Work to complete:
Using the material below, print a verbatim copy of every line from the one containing "(WRUP1HC002NS-J0B) Blauwe Curvy" through the one containing "illustration eps10 review", inclusive, and omit the pictures.

Data for processing:
::::::::::

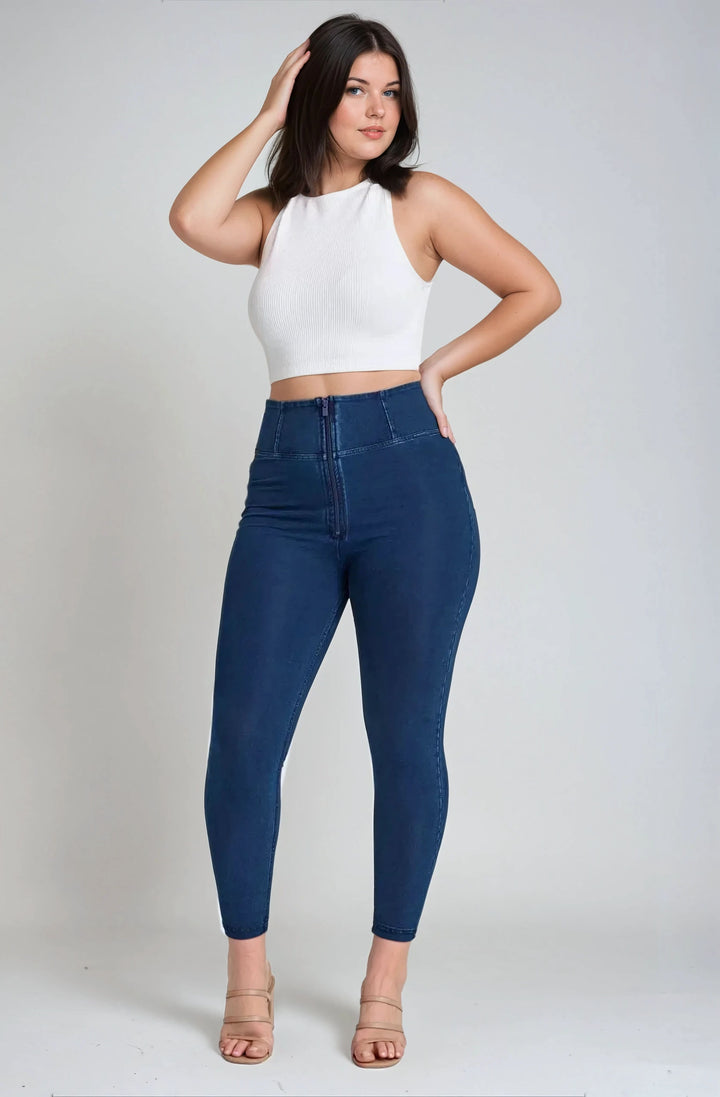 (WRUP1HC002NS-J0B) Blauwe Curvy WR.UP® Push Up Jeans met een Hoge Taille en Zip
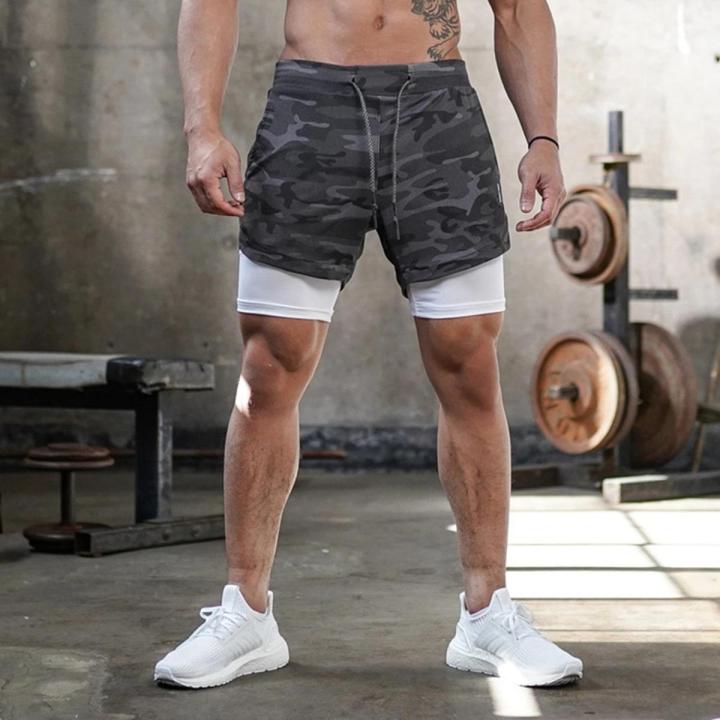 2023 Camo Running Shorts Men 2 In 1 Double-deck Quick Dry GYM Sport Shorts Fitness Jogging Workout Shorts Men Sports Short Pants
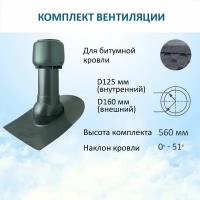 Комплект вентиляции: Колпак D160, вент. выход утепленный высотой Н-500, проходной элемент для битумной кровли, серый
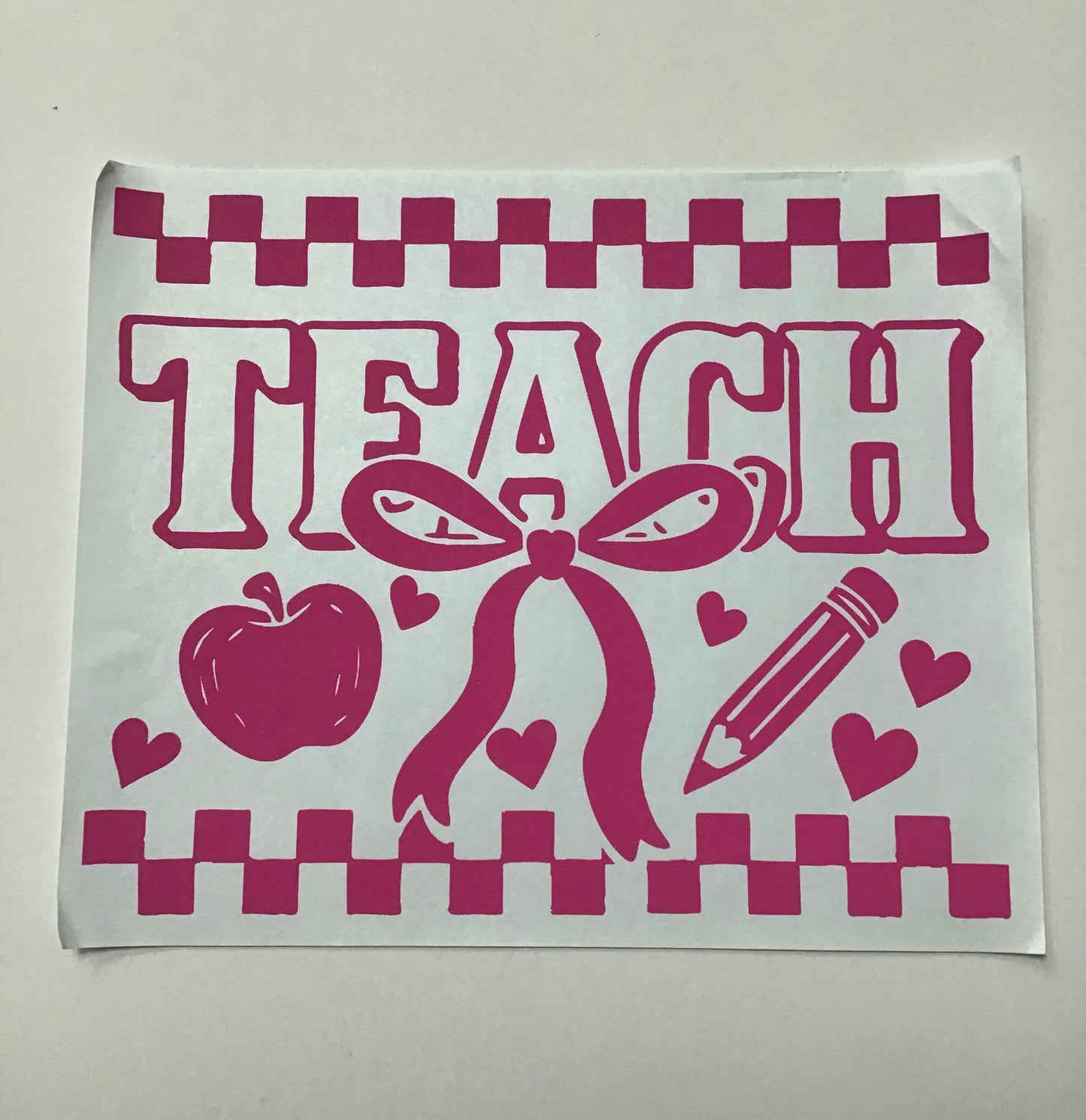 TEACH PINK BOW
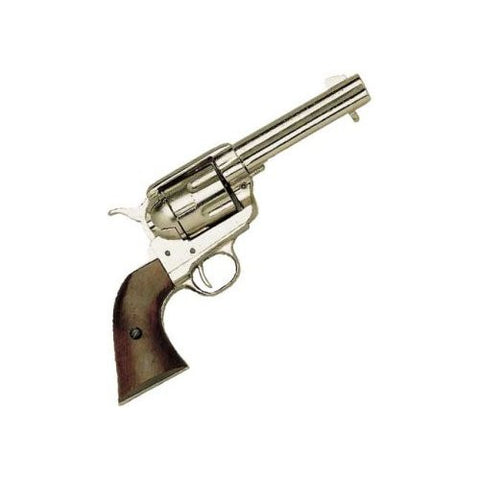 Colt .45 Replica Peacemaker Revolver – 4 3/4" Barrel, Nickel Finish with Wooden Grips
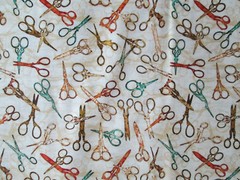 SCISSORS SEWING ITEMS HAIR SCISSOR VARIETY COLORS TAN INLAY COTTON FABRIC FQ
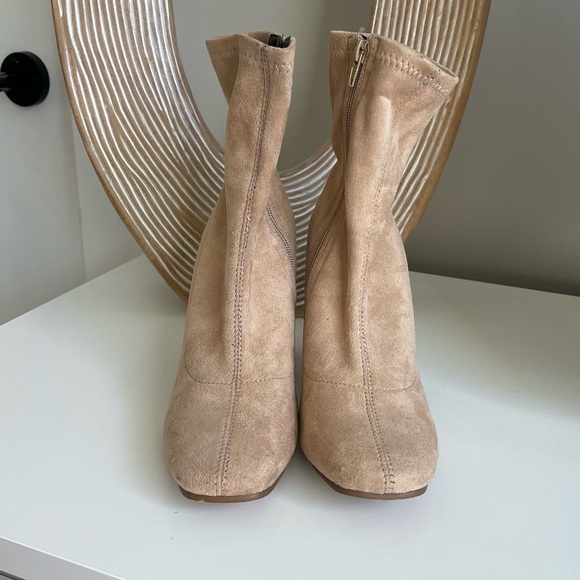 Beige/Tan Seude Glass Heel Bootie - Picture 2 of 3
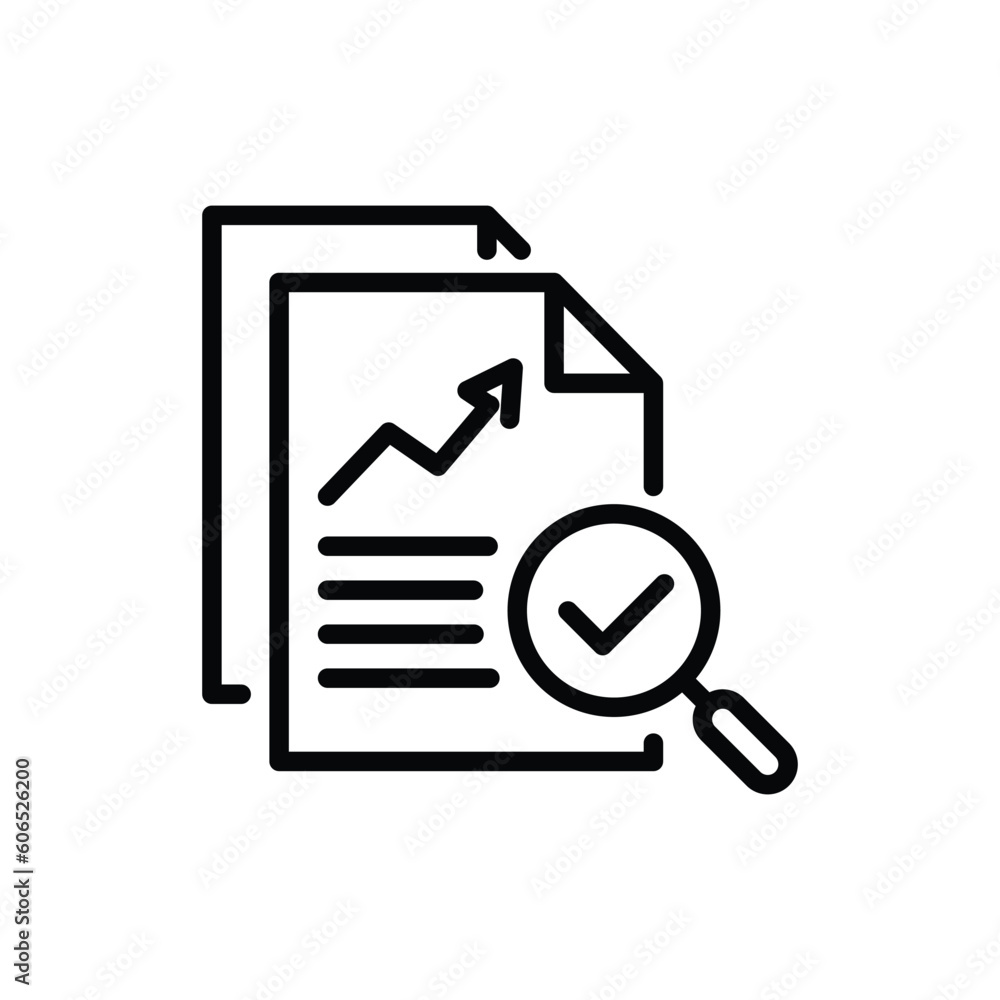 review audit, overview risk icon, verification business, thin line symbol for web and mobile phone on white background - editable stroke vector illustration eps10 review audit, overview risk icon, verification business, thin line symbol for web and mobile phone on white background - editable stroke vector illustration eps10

::::::::::

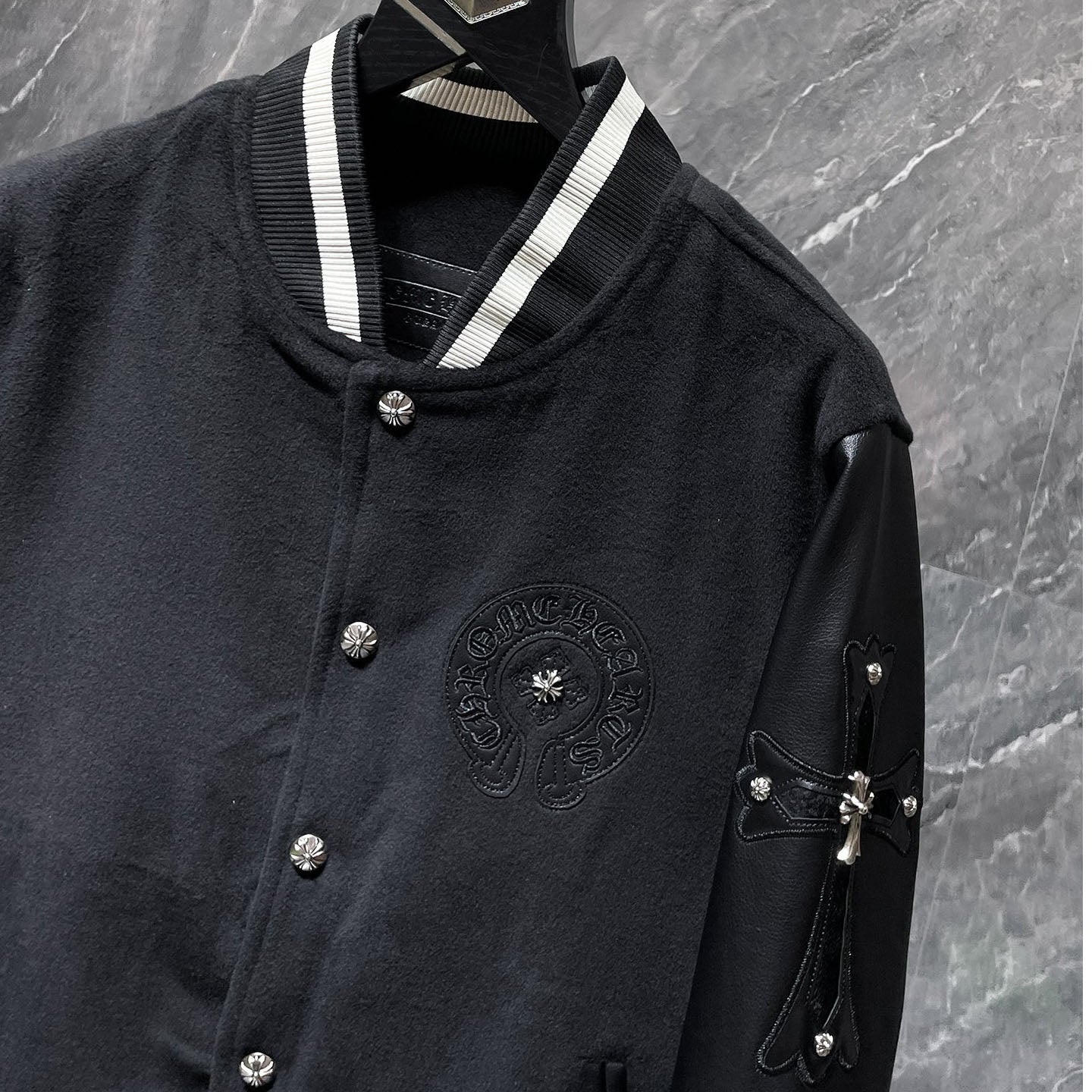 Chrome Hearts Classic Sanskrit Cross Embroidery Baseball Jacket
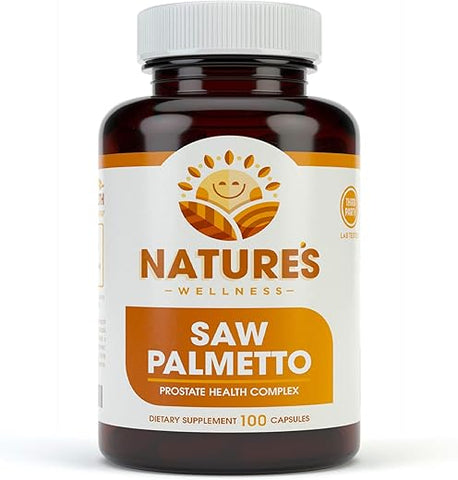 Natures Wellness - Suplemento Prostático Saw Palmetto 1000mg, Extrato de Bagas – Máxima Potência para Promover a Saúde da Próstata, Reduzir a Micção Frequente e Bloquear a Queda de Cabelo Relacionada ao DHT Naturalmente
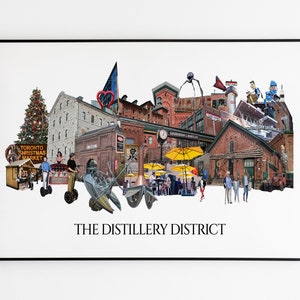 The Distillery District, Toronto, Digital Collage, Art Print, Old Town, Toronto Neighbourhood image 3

::::::::::

Expected answer:
 (WRUP1HC002NS-J0B) Blauwe Curvy WR.UP® Push Up Jeans met een Hoge Taille en Zip
 2023 Camo Running Shorts Men 2 In 1 Double-deck Quick Dry GYM Sport Shorts Fitness Jogging Workout Shorts Men Sports Short Pants
 Комплект вентиляции: Колпак D160, вент. выход утепленный высотой Н-500, проходной элемент для битумной кровли, серый
 TEACH PINK BOW
 Colt .45 Replica Peacemaker Revolver – 4 3/4" Barrel, Nickel Finish with Wooden Grips
 SCISSORS SEWING ITEMS HAIR SCISSOR VARIETY COLORS TAN INLAY COTTON FABRIC FQ
 Beige/Tan Seude Glass Heel Bootie - Picture 2 of 3
 review audit, overview risk icon, verification business, thin line symbol for web and mobile phone on white background - editable stroke vector illustration eps10 review audit, overview risk icon, verification business, thin line symbol for web and mobile phone on white background - editable stroke vector illustration eps10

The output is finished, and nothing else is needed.